Work to complete ::
The answer must be the lines from the one that holds "Katy's Cottage - Bathroom" through the final line of the data, copied exactly, with no pictures.

Dataset records ::
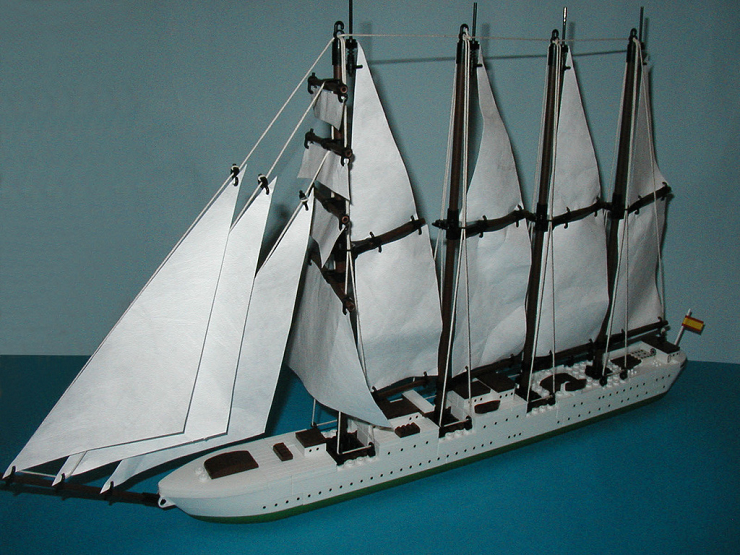 juan-sebastian-de-elcano-tente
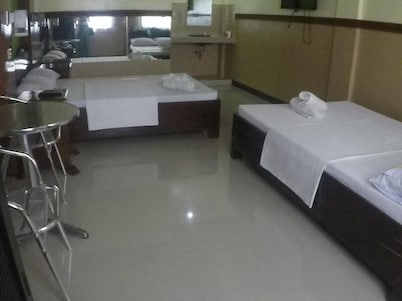 Reddoorz Plus near Municipality of Luisiana Laguna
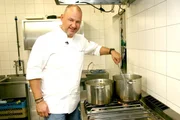 Tut sein Bestes, um ein Bistro zu retten, dessen Erfolg oder Misserfolg die Existenz einer ganzen Familie beeinflusst: Sternekoch Frank Rosin ... Tut sein Bestes, um ein Bistro zu retten, dessen Erfolg oder Misserfolg die Existenz einer ganzen Familie beeinflusst: Sternekoch Frank Rosin ...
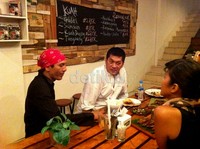 Donny Kusuma saat berbuka puasa di restoran baru Yuke. (Kanti/detikHot).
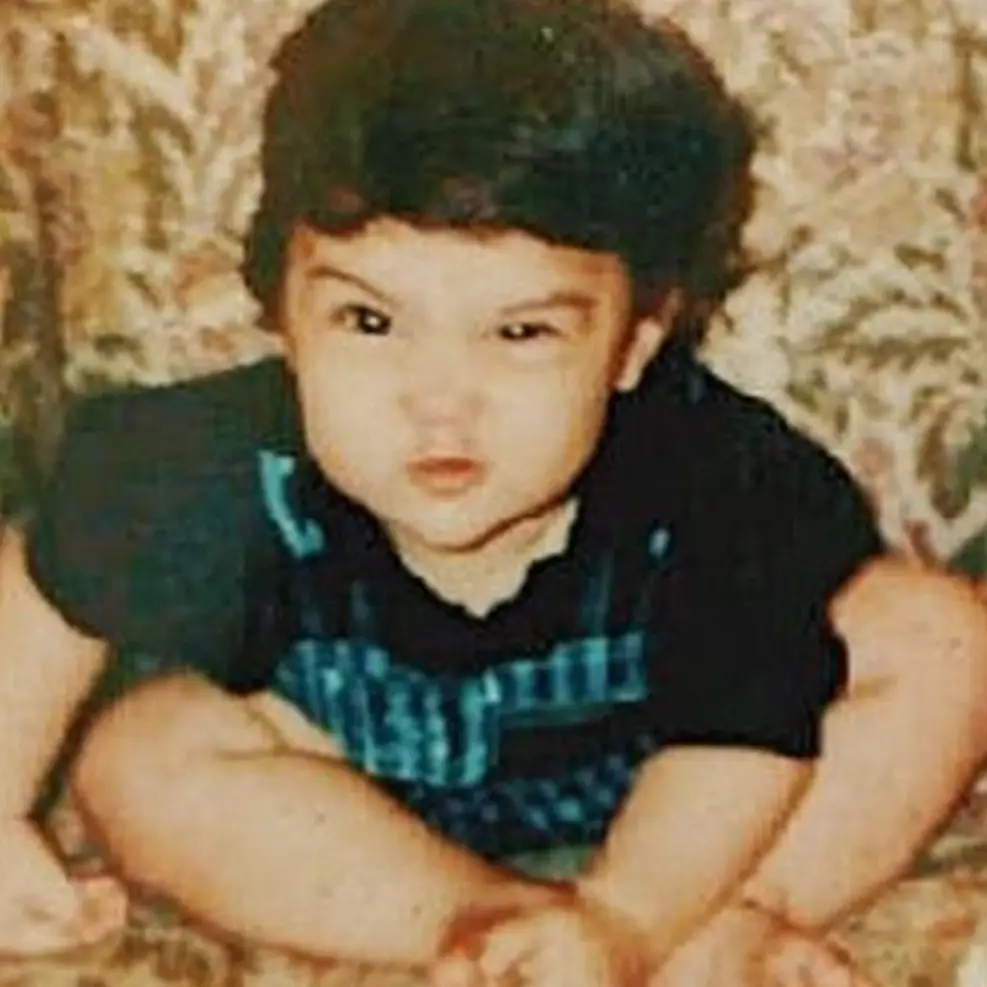 Anak musisi top Tanah Air ini tak segan magang jadi satpam di mal, intip 7 potretnya saat bertugas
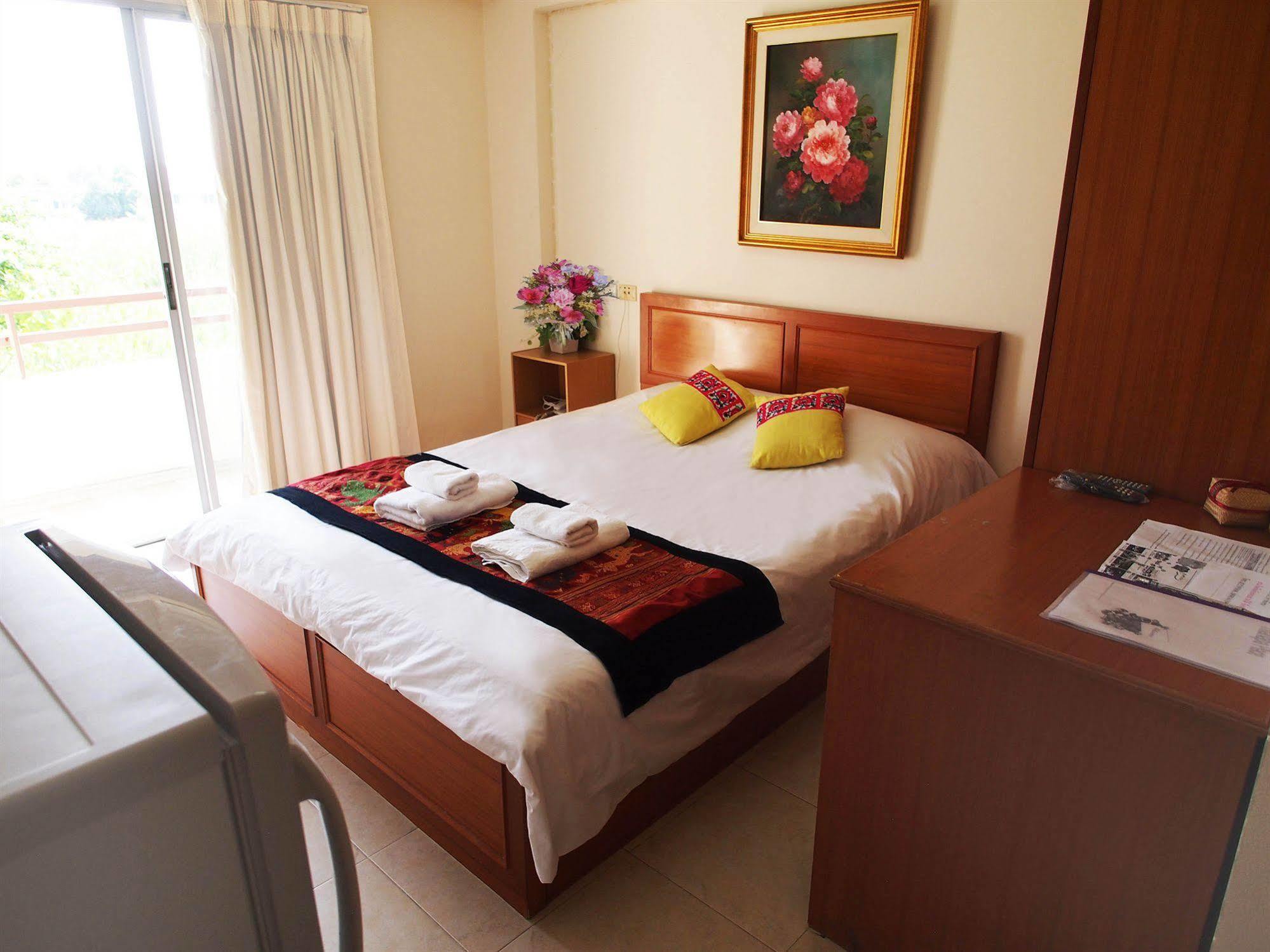 Thanapa Place Bangkok Extérieur photo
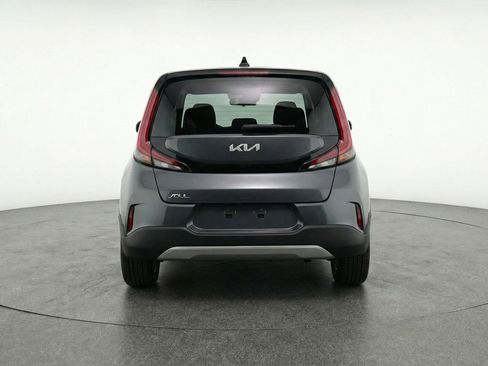 Used 2025 Kia Soul LX w/ LX Technology Package FWD image 7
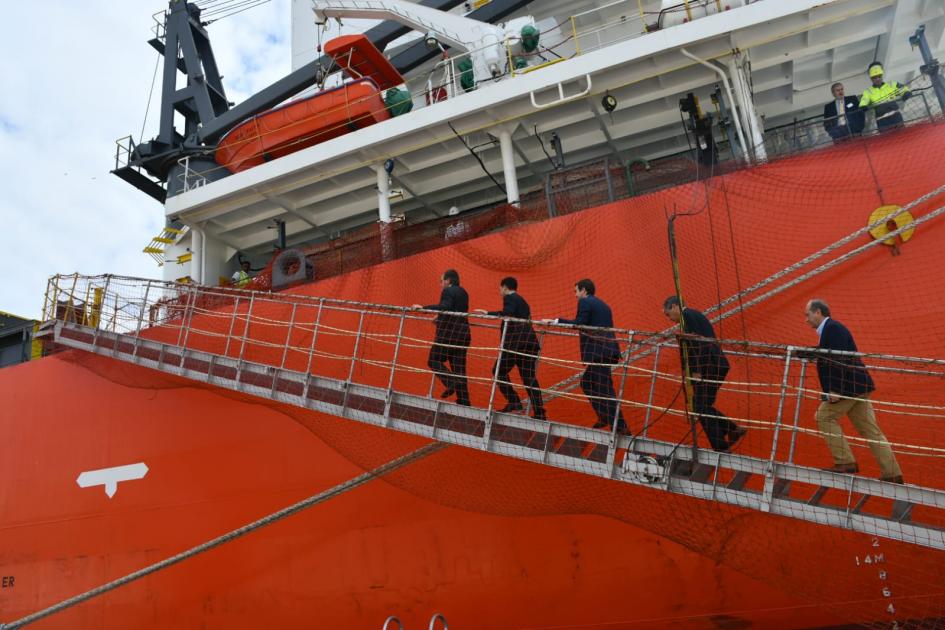 Inauguración primer barco Saga Welco con celulosa sale de Montevideo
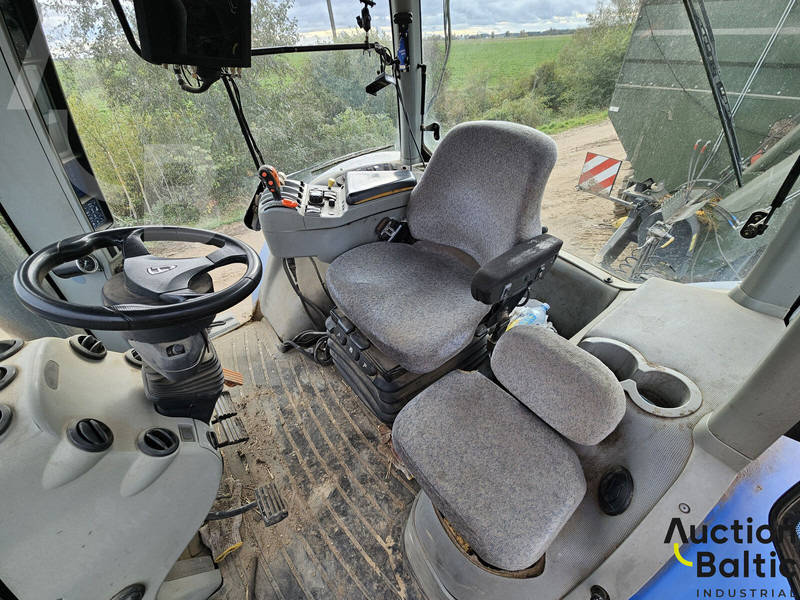 New Holland T 8040 - Farm tractor: picture 5 New Holland T 8040 - Farm tractor: picture 5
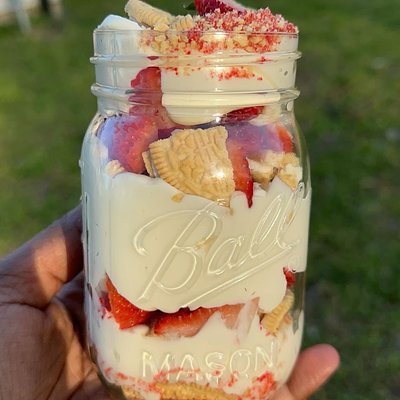 Strawberry Crunch Cheesecake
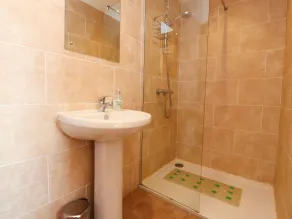 Katy's Cottage - Bathroom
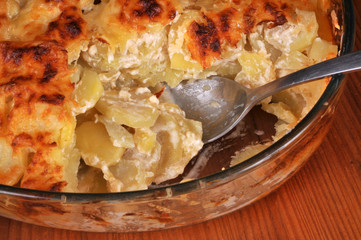 Gros plan sur un plat de gratin de pommes de terre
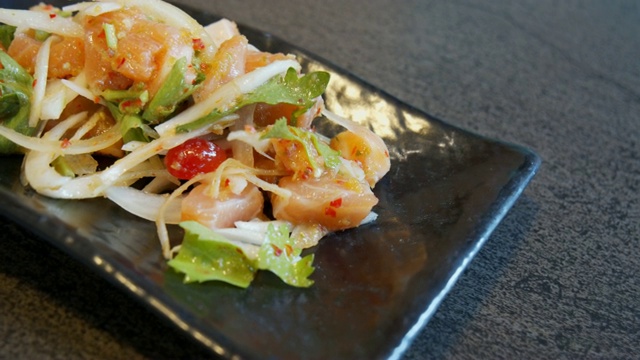 鲑鱼生鱼片辣沙拉黑菜餐厅。日本菜的风格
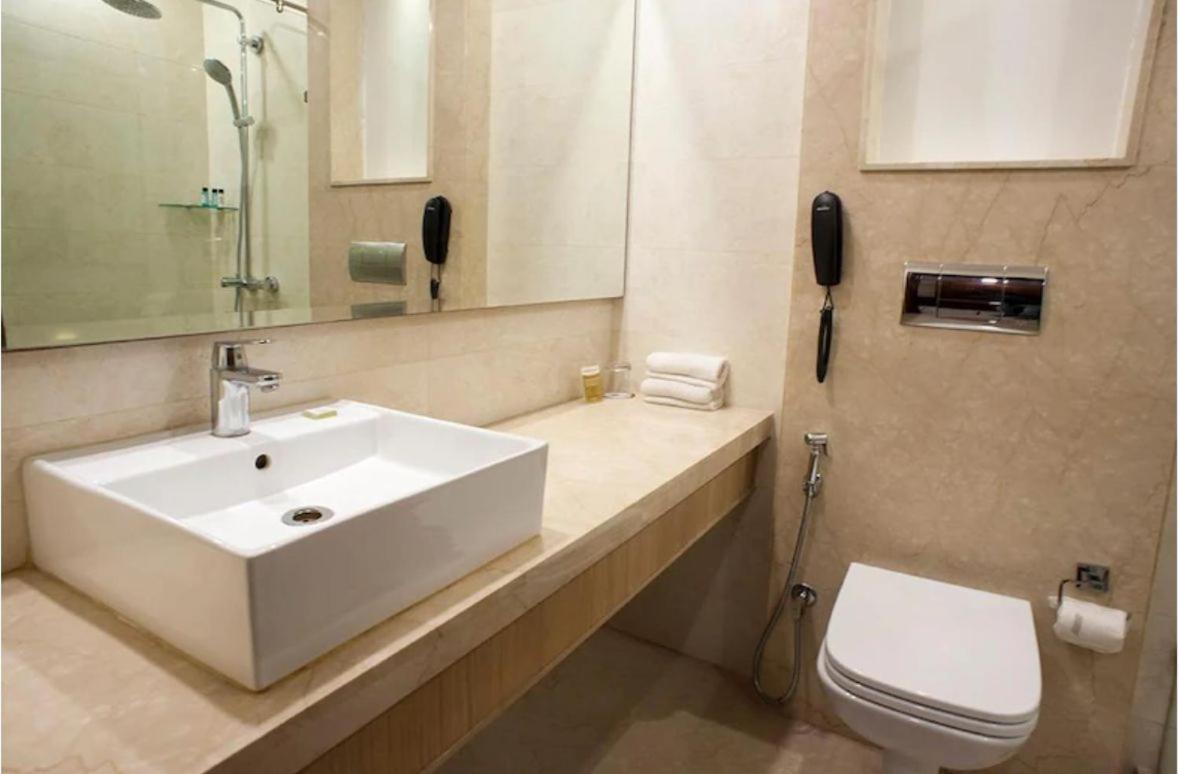 Florence Inn, Karol Bagh, New Delhi, 2 Min From Metro Hotel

Written response ::
 Katy's Cottage - Bathroom
 Gros plan sur un plat de gratin de pommes de terre
 鲑鱼生鱼片辣沙拉黑菜餐厅。日本菜的风格
 Florence Inn, Karol Bagh, New Delhi, 2 Min From Metro Hotel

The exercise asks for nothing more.